Selden et Lily demeuraient immobiles, acceptant l’irréalité de la scène comme unie à leur propre sensation de rêve. Ils n’eussent pas été surpris qu’une brise d’été vint leur caresser le visage, ou de voir les lumières apparues à travers les branches se doubler à la voûte d’un ciel étoilé. L’étrange solitude autour d’eux n’était pas plus étrange que la douceur de s’y trouver ensemble.

Enfin Lily retira sa main, et fit un pas en arrière : la sveltesse de sa robe blanche se profila contre le noir des massifs. Selden la suivit, et, toujours sans parler, ils s’assirent sur un banc, près de la fontaine.

Tout à coup elle leva les yeux, avec la gravité suppliante d’un enfant :

— Vous ne me parlez jamais… Vous pensez à moi avec dureté ! murmura-t-elle.

— Je pense à vous, en tout cas, Dieu le sait ! dit-il.

— Alors pourquoi ne nous voyons-nous jamais ? Pourquoi ne pouvons-nous être amis ?… Vous m’aviez promis, une fois, de m’aider, — continua-t-elle sur le même ton, comme si les mots lui échappaient malgré elle.

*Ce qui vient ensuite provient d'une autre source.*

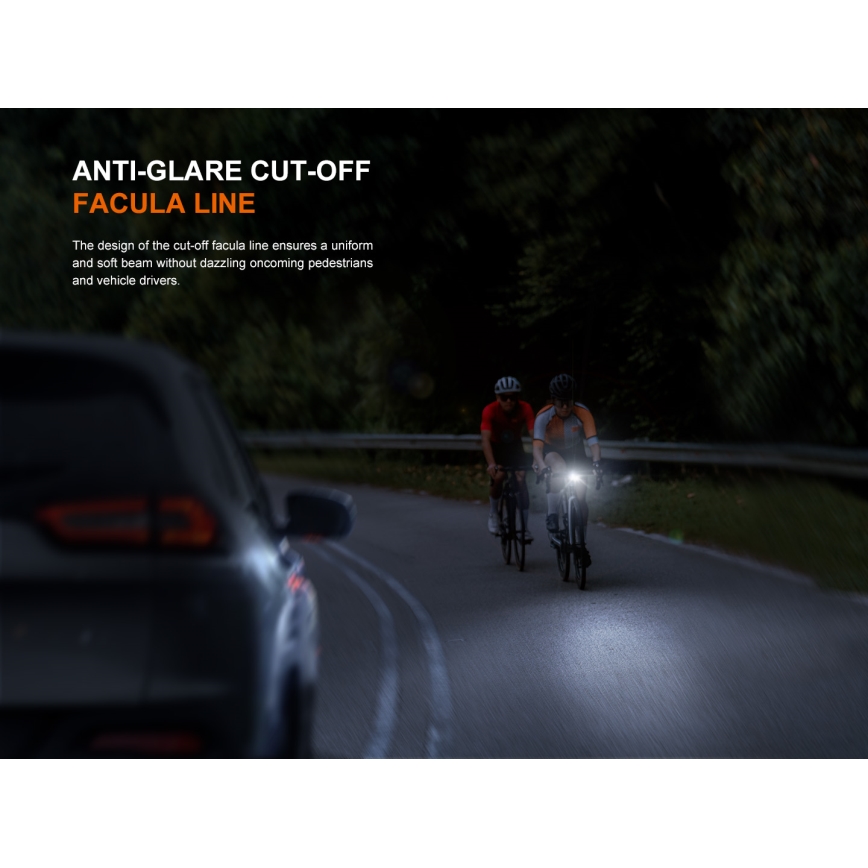 Fenix BC22R - Lampă LED reîncărcabilă pentru bicicletă, cu reglare a intensității luminoase, LED/USB, 3400 mAh, IP66, 1400 lm, autonomie 41 h, negru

— Je ne peux vous aider qu’en vous aimant. — dit Selden à voix basse.

Elle ne répondit pas, mais son visage se tourna vers lui avec le mouvement léger d’une fleur. Il approcha le sien, lentement, et leurs lèvres se touchèrent.

Elle recula et se leva. Selden se leva aussi et ils se tinrent en face l’un de l’autre. Tout à coup elle lui prit la main et l’appuya, un instant, contre sa joue.